Ocupação do Ministério do Desenvolvimento Agrário (2012) - O MST ocupa, em abril, o Ministério do Desenvolvimento Agrário. A reivindicação é por mais assentamentos e punição aos culpados pelo Massacre de Eldorado do Carajás, ocorrido em 1996. O movimento afirma que o ano é o pior para assentamentos desde 1995.

Críticas a Dilma Rousseff (2014) - Lideranças do MST divulgam carta com críticas ao governo de Dilma Rousseff (PT) sobre a política agrária. A carta é entregue à presidente um dia após 30 manifestantes ficarem feridos depois de confronto com a polícia durante marcha que reuniu cerca de 15 mil pessoas em Brasília.

Aumento de invasões (2015) - O MST aumenta o número de invasões. Exemplos são manifestação com mais de mil mulheres que destruíram mudas transgênicas em uma fábrica de papel e celulose em Itapetininga (SP), e no Ministério da Agricultura, em Brasília.

Protestos contra impeachment (2016) - No dia 26 de abril, o MST organiza protestos em ao menos sete estados contra o impeachment da presidente Dilma Rousseff (PT) e a favor da reforma agrária. No ano seguinte, o governo de Michel Temer (MDB), visto como golpista pelos manifestantes, não assenta nenhuma família.

Vigília Lula Livre (2018) - O MST participa do Vigília Lula Livre. Organizada por diferentes movimentos populares, a ação acompanhou Lula por 580 dias enquanto ele esteve preso em Curitiba, acusado de corrupção passiva e lavagem de dinheiro. Lula foi solto em 8 de novembro de 2019, depois que o STF entendeu que réus só podem ser detidos quando não houver mais recurso pendente.

Recrudescimento da violência sob Bolsonaro (2019) - O MST reduz invasões no mandato de Jair Bolsonaro, eleito pelo PSL, diante dediscurso hostil do então presidente, que prega "receber os invasores de terra à bala". A gestão é marcada pelo aumento de violência contra os sem-terra.

Doação de alimentos (2020) - Na pandemia de Covid-19, o MST interrompe as invasões e inicia campanha nacional de doação de alimentos produzidos nos assentamentos. O movimento diz ter doado mais de 7.000 toneladas de alimentos e 2 milhões de marmitas.

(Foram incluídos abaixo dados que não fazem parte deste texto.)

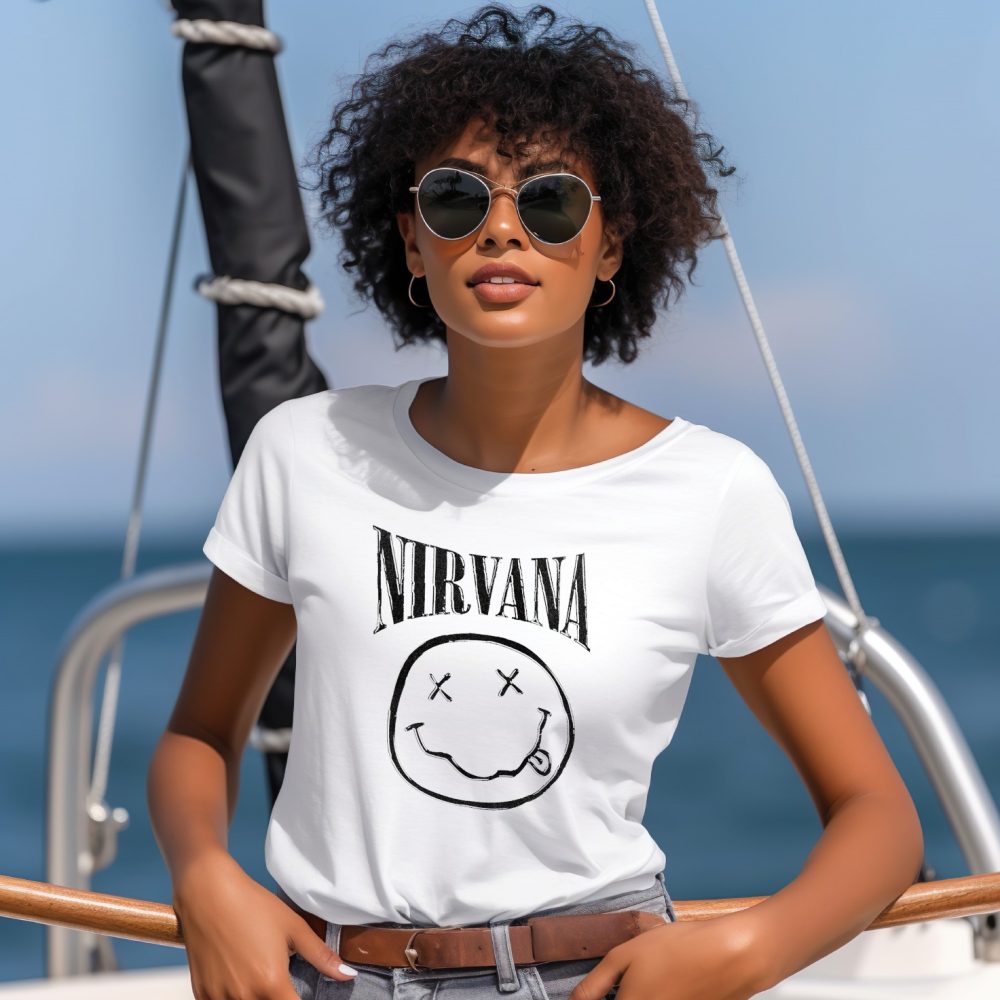 T-shirt femme Nirvana avec un design de Nirvana Smiley Artwork noir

Retomada de invasões (2021) - O MST retoma as invasões, que se resumiram a 14 entre 2019 e abril de 2021. O arrefecimento da pandemia é acompanhado por ações em propriedades de São Paulo, Bahia, Rio Grande do Norte e outros estados.

CPI do MST (2023) - De janeiro a abril, o MST ocupa mais de 30 imóveis rurais. Na Câmara dos Deputados, é instalada uma CPI para investigar as ocupações de terras. Na CPI, João Pedro Stedile admite que o movimento errou ao ter invadido uma fazenda da Embrapa (Empresa Brasileira de Pesquisa Agropecuária) no dia 31 de julho. A comissão acabou após 130 dias, sem um relatório final.